Gladys chuckled. She was cut off by a flood of objects raining down from above and stumbled back. Steadying herself, Gladys looked up into a large hole torn in the bottom of the box. She huffed. “Zig.”
“You told me to push!”
“Are you okay?”
“Are you? You’re the breakable one.” A pair of jean-clad legs descended, followed by a torso in a green shirt, a head of long blonde hair, and a pair of arms lugging the remainder of a once-whole cardboard box. “Sorry,” Zig said, plunking the box’s remains next to the others.
Together they surveyed the chaos.
A modge-podge of what appeared to be books, picture frames, candle sticks – why were those even there? – and several old clocks littered the floor. A flash of red caught Gladys’s eye, and she pulled it and the fluffy brown lump it was attached to out from under the pile.

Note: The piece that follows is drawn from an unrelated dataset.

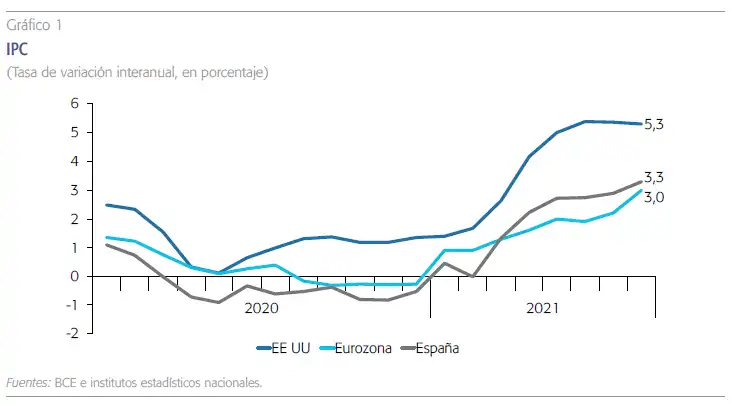 Aumento de la Inflación en Octubre: Factores y Consecuencias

It was a stuffed bear. A bear in a red raincoat.
“What’s that?” Zig asked.
Gladys blinked, inspecting it. “My old bear.” Something like dirt came off on her hand as she brushed her fingers over its little head. Its fur was matted and stained, the red of its coat quite faded. But it was still the same bear she remembered.
“You’re too old for a bear.”
She shot her granddaughter a look. “You’re too young for makeup. You should look eleven, not fifteen.”
A sharp whistle sounded from the kitchen, halting Zig’s response. “Tea time!” she hollered, bounding out of sight.
Gladys followed, the animal held gently to her chest.
“This should be illegal,” Gladys said from her perch under the school’s roof. It stuck out just far enough to provide shelter from the torrential Abbotsford downpour. The clouds, the ground, even the school – it was all such a dull grey that even the sky sobbed.
“What?” asked the girl, whose name was Evie. She splashed in puddles out in the rain, her red raincoat a vibrant dash of color against their surroundings. “The rain?”
“That too.” Gladys said. “But I meant, going to school on your birthday. I’m a teenager now. I should be celebrating!”
“Can’t we celebrate anyway?” Prancing around the center of a large puddle, Evie spread her arms wide. “Happy birthday!” She laughed joyously, tipped her face into the oncoming rain, wet red hair plastered all over her face.
Holding a hand out to droplets that fell from the roof, Gladys caught several and held them until the cold was too much. She wiped them away on her pant leg. “So. You gonna give me by present or what?”
“What makes you think I gotta present to give?”
“You never put anything in those pockets,” Gladys said with a smug smile. “and that one’s stuffed full.”
Evie stopped spinning. “Rob told you, didn’t he? That traitor.”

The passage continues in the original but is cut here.